In August 2006, Cumbernauld College completed an extensive phased refurbishment and new build programme at the main campus. A window replacement scheme, renewal of lighting and heating systems, and internal space reconfiguration complement a new 2250 sqm, three-story teaching block. Ground and first floor levels provide additional fully equipped teaching facilities and specialist rooms for health care, travel and tourism, and art. On the third floor the Business and Conference Centre offers the wider Business Community training and conference facilities. A new front entrance, reception and internal ‘street’ (495 sqm) connects all buildings and provides improved access to student services and support, learning centres, library facilities and social areas, as well as a dynamic space for exhibitions, promotion and student activity. The college also purchased a 970 sqm, modern, purpose-built canal side building in Kirkintilloch to develop activities and further education (FE) provision in East Dunbartonshire.

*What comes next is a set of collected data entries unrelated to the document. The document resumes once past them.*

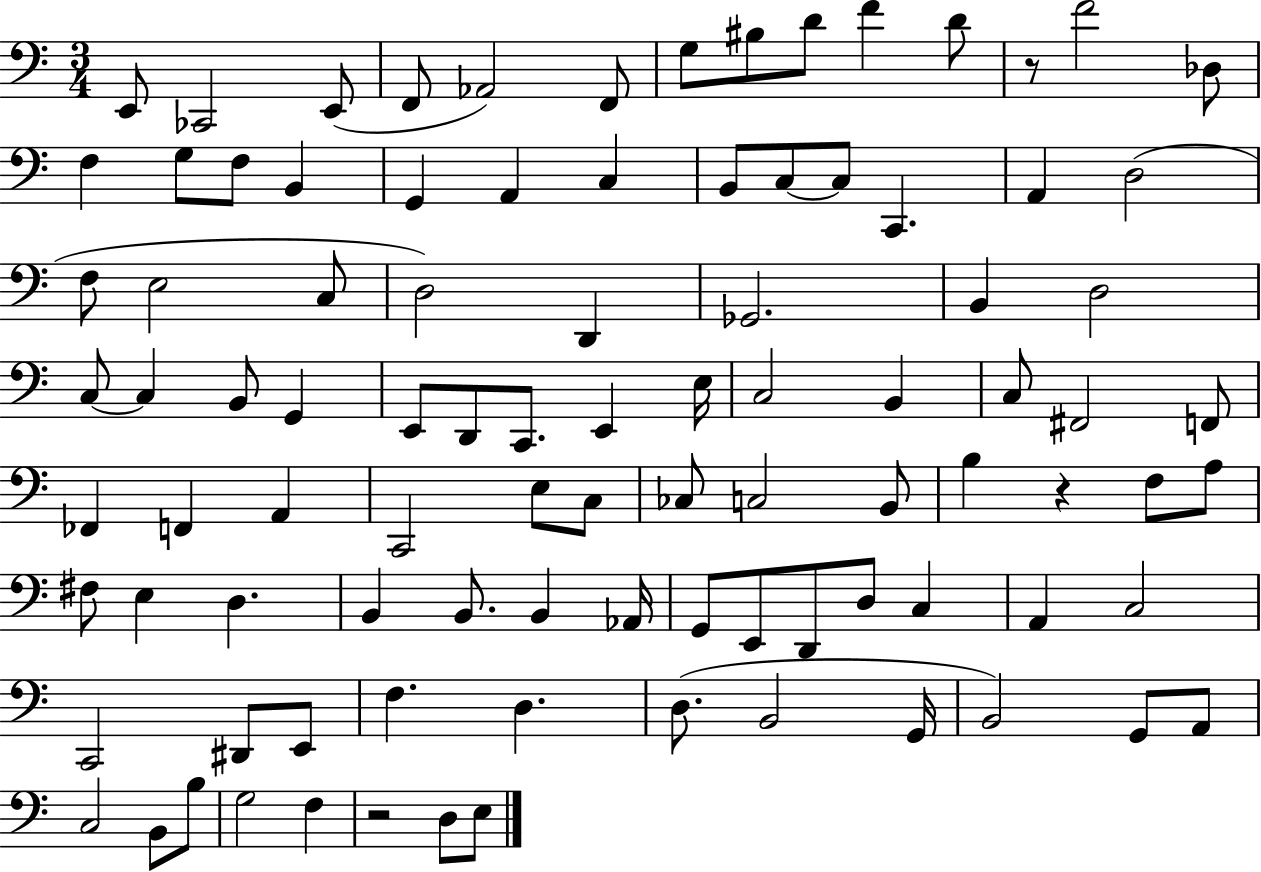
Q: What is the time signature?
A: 3/4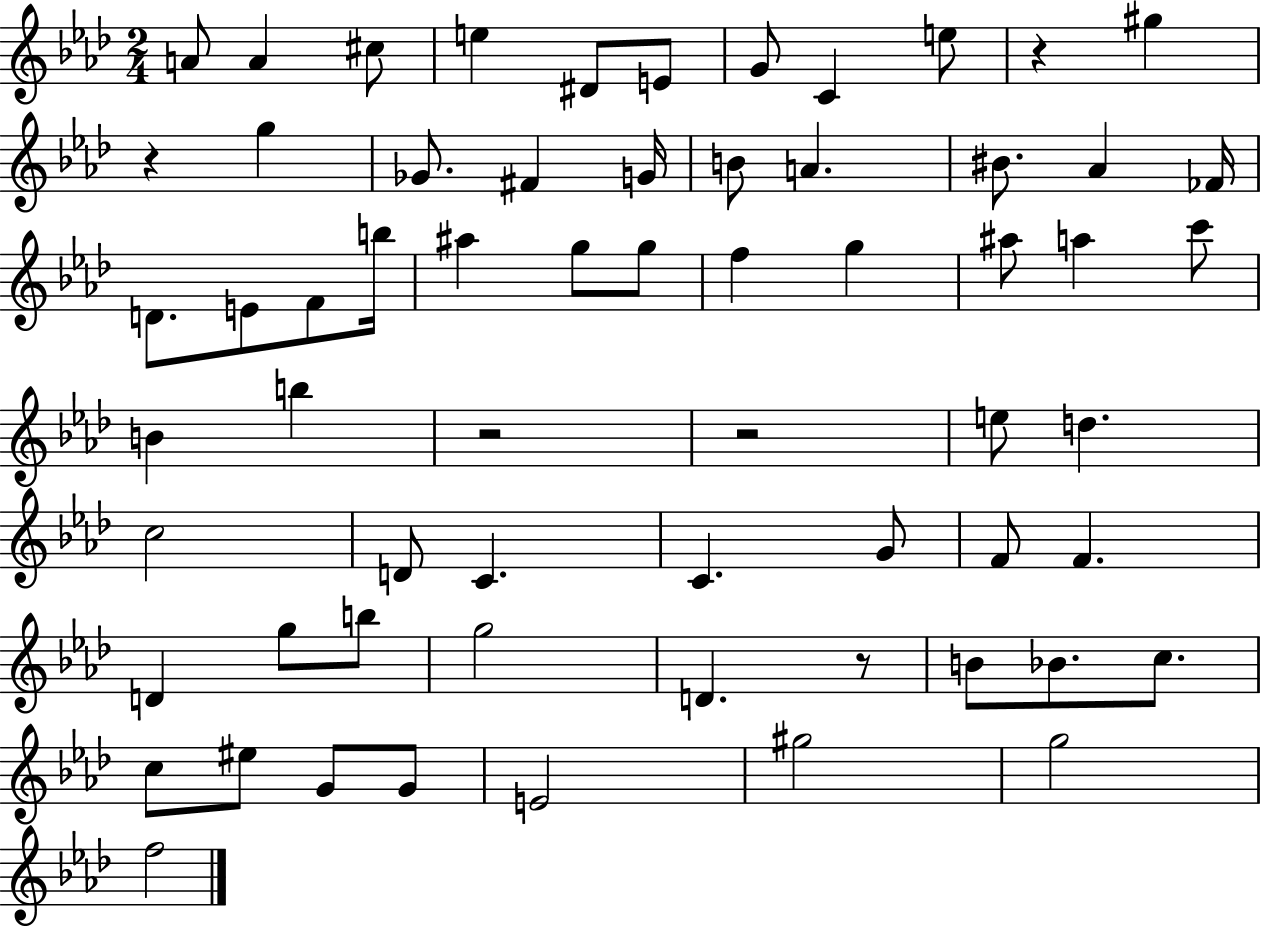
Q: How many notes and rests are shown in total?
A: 63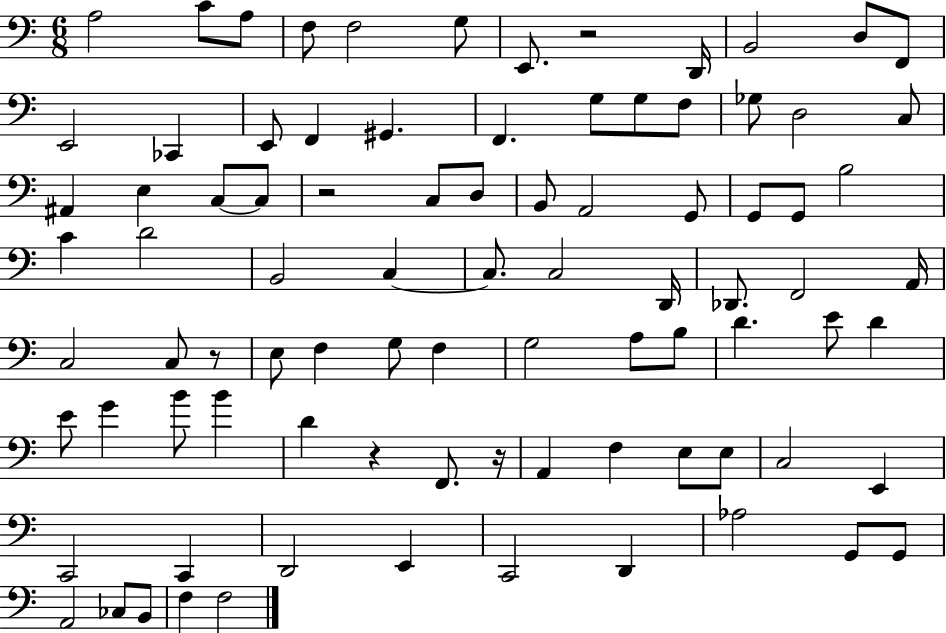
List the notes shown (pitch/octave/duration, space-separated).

A3/h C4/e A3/e F3/e F3/h G3/e E2/e. R/h D2/s B2/h D3/e F2/e E2/h CES2/q E2/e F2/q G#2/q. F2/q. G3/e G3/e F3/e Gb3/e D3/h C3/e A#2/q E3/q C3/e C3/e R/h C3/e D3/e B2/e A2/h G2/e G2/e G2/e B3/h C4/q D4/h B2/h C3/q C3/e. C3/h D2/s Db2/e. F2/h A2/s C3/h C3/e R/e E3/e F3/q G3/e F3/q G3/h A3/e B3/e D4/q. E4/e D4/q E4/e G4/q B4/e B4/q D4/q R/q F2/e. R/s A2/q F3/q E3/e E3/e C3/h E2/q C2/h C2/q D2/h E2/q C2/h D2/q Ab3/h G2/e G2/e A2/h CES3/e B2/e F3/q F3/h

On Friday 1 November, Cumbernauld College and Motherwell college merged to rename as New College Lanarkshire

== Campuses ==
- Broadwood Campus
- Coatbridge Campus
- Cumbernauld Campus
- Kirkintilloch Campus
- Motherwell Campus

==Training Unit==

The Training Unit delivers a range of government-funded programmes to enable individuals to enter into sustainable employment. These include:
- Training for Work
- Get Ready for Work
- Employability Courses
- Skillseekers / Modern Apprentices
- Support Employment

==Business and Conference Centre==

Funded as part of the redevelopment programme, the Business and Conference Centre provides skills gap analysis, training needs analysis and bespoke training programmes for commercial clients. It includes meeting and conferencing facilities for 2 to 90.

==Students Association==
New College Lanarkshire's Cumbernauld Campus Students Association now has a Sabbatical Student President and a full team of student officers.